We all know, or ought to know, the truth about the State’s origins. To a one, they are built on a foundation of violence, and they maintain their statehood through the systematic implementation of violence and oppression.
In Some economics of invasion and the State, constant‘s most interesting idea is that since overthrowing a State appears to be a public good, then according to conventional wisdom, it will be undersupplied. In short order, he proceeds to lay out a pretty elementary case for the common defense as public good.
This case, however, is always argued upon a single iteration of the game. Surely, upon learning that one’s neighbor had been violently deposed by an invading bandit, the remaining freemen should begin to see the true costs of their failure to voluntarily provide for a common defense. Historically speaking, this might’ve been difficult in practice, but I’m not convinced that this is any longer the case.

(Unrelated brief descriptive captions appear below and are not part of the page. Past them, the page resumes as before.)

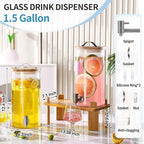 2 PCS Glass Drink Dispenser Set 1.5 Gallon With Stand, Spigot, Large Water Drink Dispensers for Parties for Lemonade, Juice, and Wedding, Bars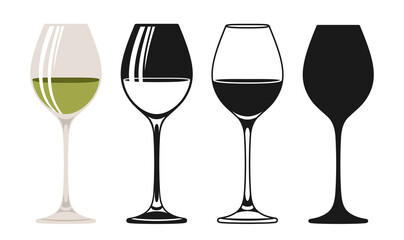 Wineglass sign set. Glass white wine design symbol, silhouette, icon, stamp engraving alcohol beverages. Winemaking advertisement design for cafe, bar restaurant menu, invitation party vector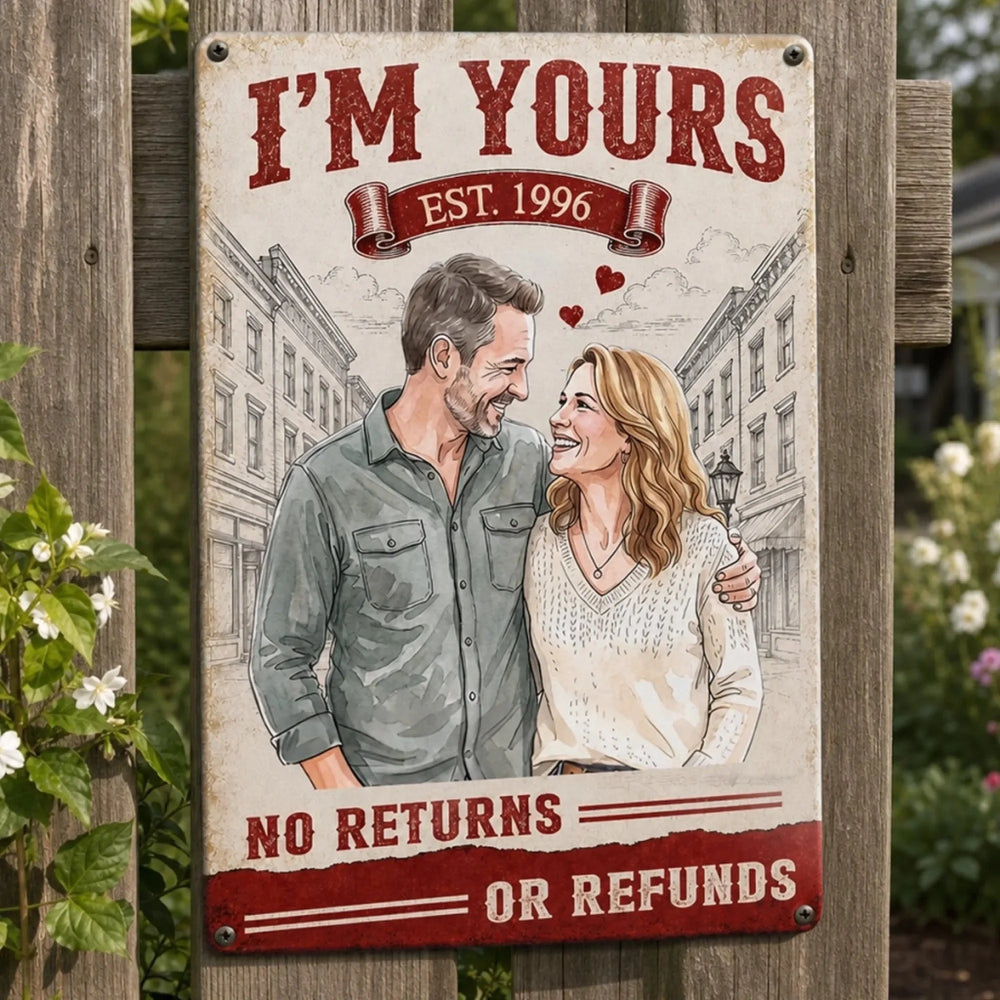 I'm Yours No Refunds Funny Couple Metal Sign Personalized Anniversary Gift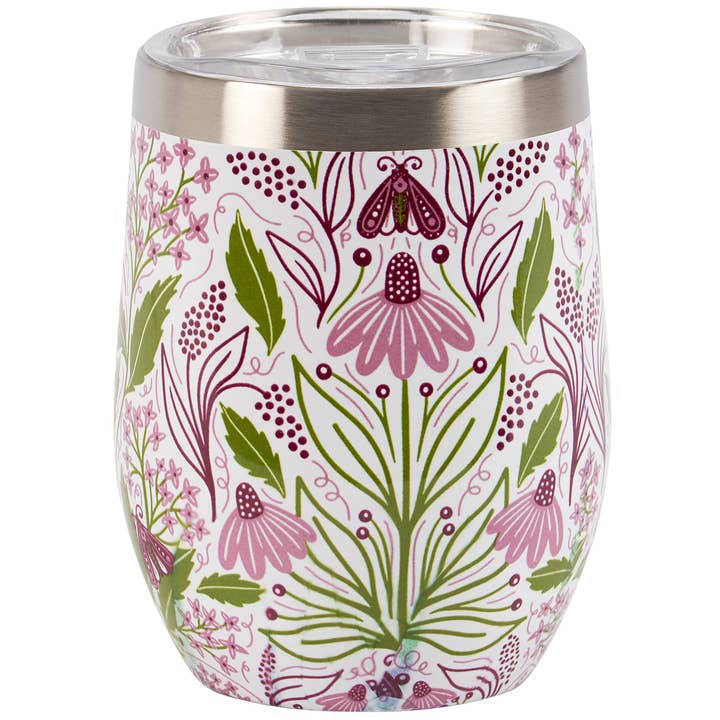 Purple Floral Wine Tumbler for wholesale by Primitives by Kathy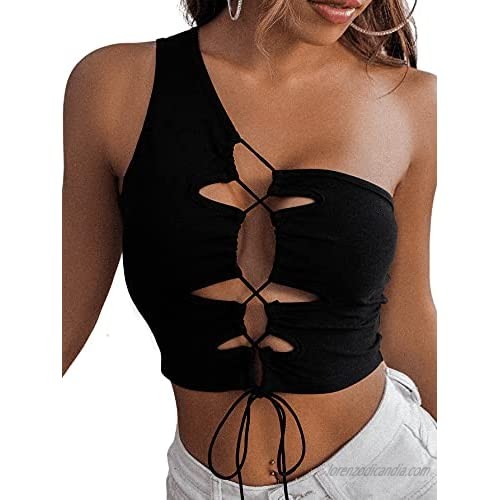 SheIn Women's Lace Up Tie Front One Shoulder Tank Top Sleeveless Solid Crop Tops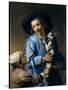 Jeunes Jouant Avec Un Chat  (Youths Playing with the Cat) Peinture D'abraham Bloemaert (1566-1651)-Abraham Bloemaert-Stretched Canvas
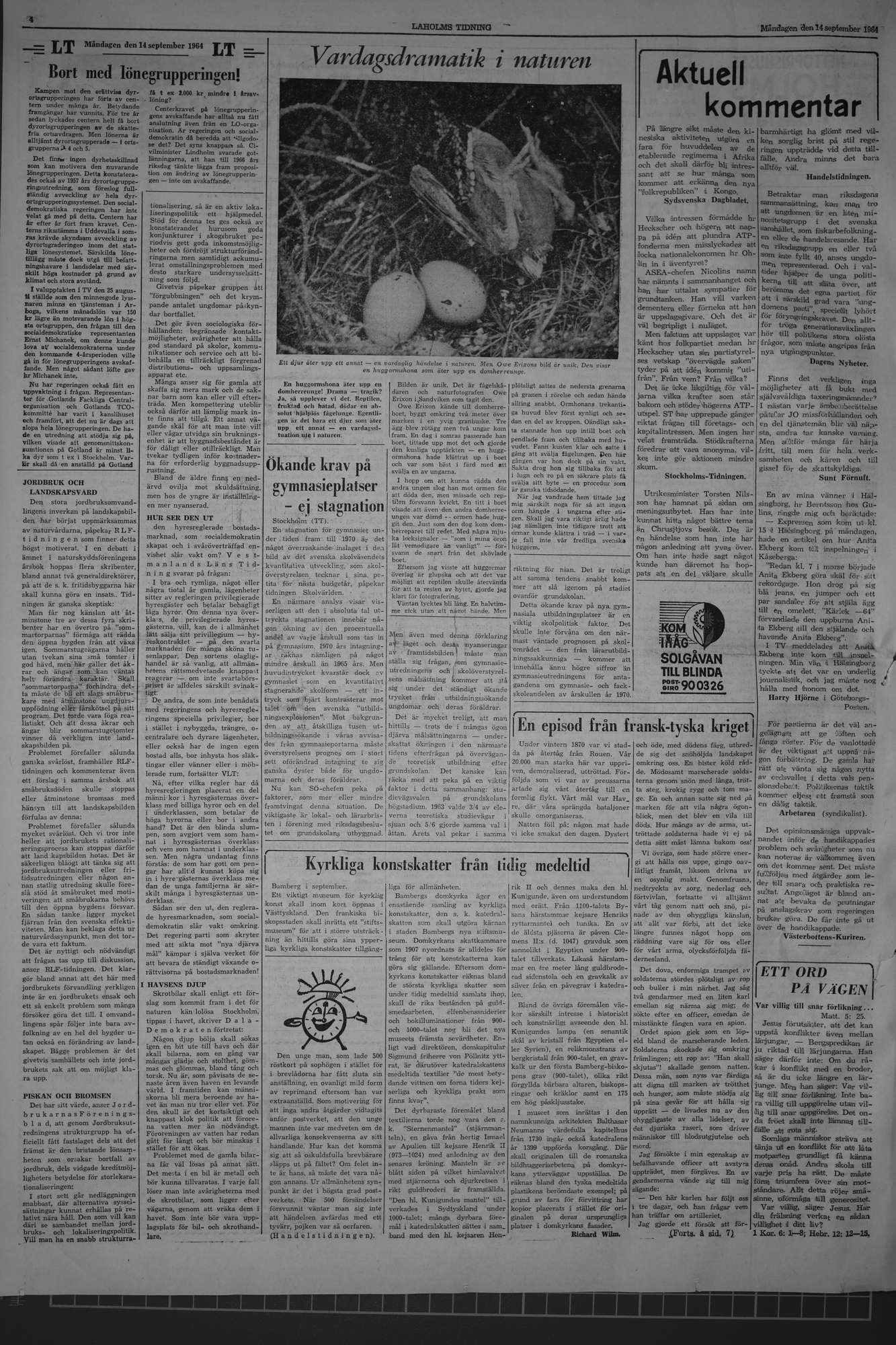 Laholms Tidning Måndag 14 september 1964, sida 4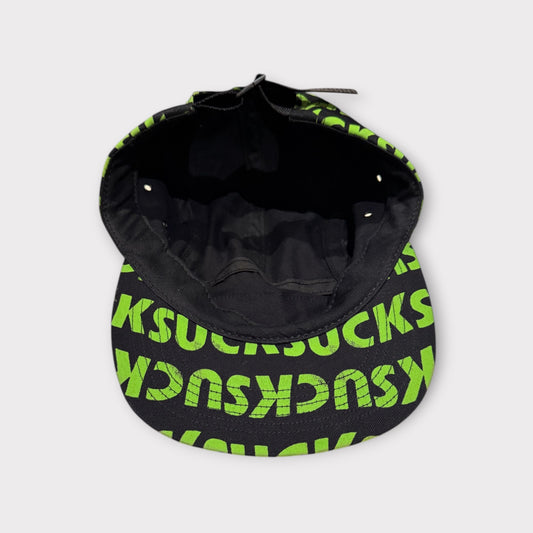 Supreme FW16 Suck Camp Cap Black Neon Green Mint Condition Adjustable Strap Made in USA Streetwear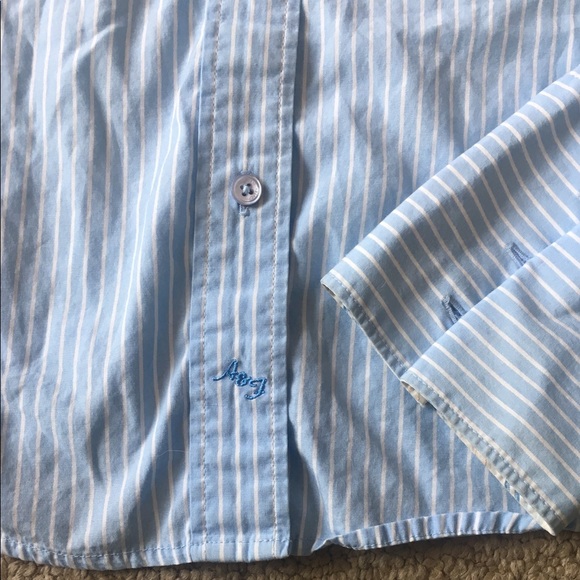 Abercrombie & Fitch blue striped button up collar - Picture 5 of 6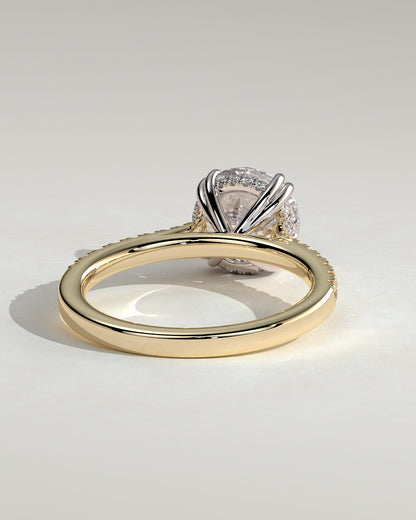 Amelia - Round Double Claw Solitaire with Hidden Halo, Tapered Pave Band and Cathedral High Setting Engagement Ring - Yellow Two-Tone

One very private good is the ability to hide one’s assets, or perhaps more importantly, the ability to hide one’s production from the State. If the wealth you create was never part of the white market in the first place, it becomes almost impossible to track or quantify. The State can only steal what it can see, what it knows to exist.
The concept behind the Agorist movement, is to take Constant’s second course: free yourself, as much as is humanly possible, from the State’s constraints. Work with others who share these goals and ideals, to assist them in freeing themselves. It certainly has a Galt-ian appeal to it: by working together and outside the system with people you trust, to better yourselves, the oppressive state should collapse under its own weight.